Audiogram Calibration Without a Booth
Professional audiometry happens in soundproof booths with calibrated headphones. Consumer apps have noisy living rooms and unknown AirPods frequency response. Our solution: relative thresholds. We play pure tones at 250Hz, 500Hz, 1kHz, 2kHz, 4kHz, 8kHz, sweeping from -40dBFS to 0dBFS in 2dB steps. The user taps when they first hear each tone. We store the dBFS value, not absolute SPL, then compute gain corrections relative to the 1kHz reference (assumed flat).
To validate, we compared 50 in-app audiograms against clinical results from partner audiology clinics. Correlation was 0.89 for frequencies above 1kHz, 0.72 below (low-frequency ambient noise confounds home testing). Good enough for mild-to-moderate loss, the app's target demographic. Severe/profound loss requires medical devices; we're explicit about this in onboarding.
Spatial Audio Conflicts
Enable your AVAudioSession for live input monitoring, and iOS disables Spatial Audio for media playback. Users expect both—they want enhanced speech clarity during calls *and* immersive music. Apple's APIs don't allow simultaneous. Our compromise: a mode switcher in Control Center via a widget. "Enhance" mode prioritizes live DSP; "Immersive" mode falls back to standard Transparency with Spatial enabled. Not ideal, but the alternative—forking audio streams and manually spatializing—would add 15ms and destroy battery life.
Battery, Thermals, and the A-Series Ceiling
Continuous DSP at 48kHz on the main cores drains 8-12% battery per hour on iPhone 13 Pro. Switching to efficiency cores (via QoS classes) cuts that to 4-6% but risks audio glitches if the system is under load. We settled on user-default QoS with a watchdog: if we miss more than two consecutive buffer deadlines, alert the user and suggest closing background apps.

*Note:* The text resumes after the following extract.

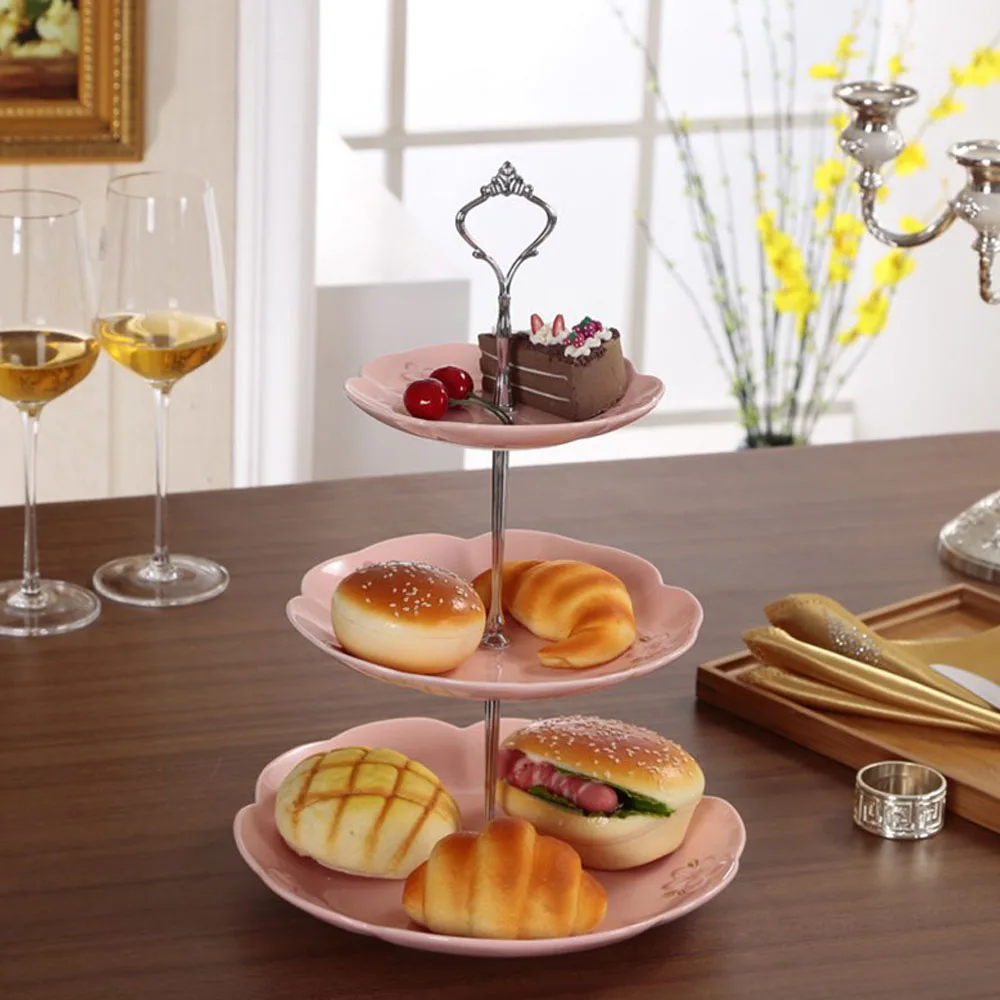 3 Tier Cake Cupcake Plate Stand Handle Hardware Fitting Holder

Thermal throttling hits around 40°C junction temp—20 minutes of DSP in a hot car. The A15's performance cores downclock from 3.2GHz to 2.4GHz, blowing the latency budget. Solution: detect thermal state via ProcessInfo and gracefully degrade—disable the two highest frequency bands (4-8kHz), halve the compressor lookahead. Audiologically suboptimal but better than stuttering.
Regulatory and Clinical Claims
We don't call HearingAid Pro a "medical device." FDA and EU MDR have clear lines: if you claim to treat hearing loss, you're regulated. Our positioning is "audio enhancement tool" with disclaimers steering users toward professionals for diagnosis. This limits marketing but keeps legal risk near zero. The technical work remains identical—clinically informed algorithms without clinical claims.
Lessons for Audio Product Teams
Three takeaways from shipping audio DSP on consumer hardware: (1) Latency budgets are non-negotiable—architect for the worst-case device and thermal state, not the flagship in a cool room. (2) Psychoacoustics matter more than raw specs—a 12-band compressor that sounds harsh loses to a 5-band one tuned by ear. (3) Apple's audio stack is a black box with sharp edges—expect to spend 30% of dev time working around undocumented behaviors and Bluetooth quirks.
The gap between "Transparency Mode" and clinical-grade enhancement is wider than most engineers expect. But with careful DSP design, aggressive profiling, and user-facing tradeoffs, consumer earbuds can deliver meaningful hearing support—no audiologist required.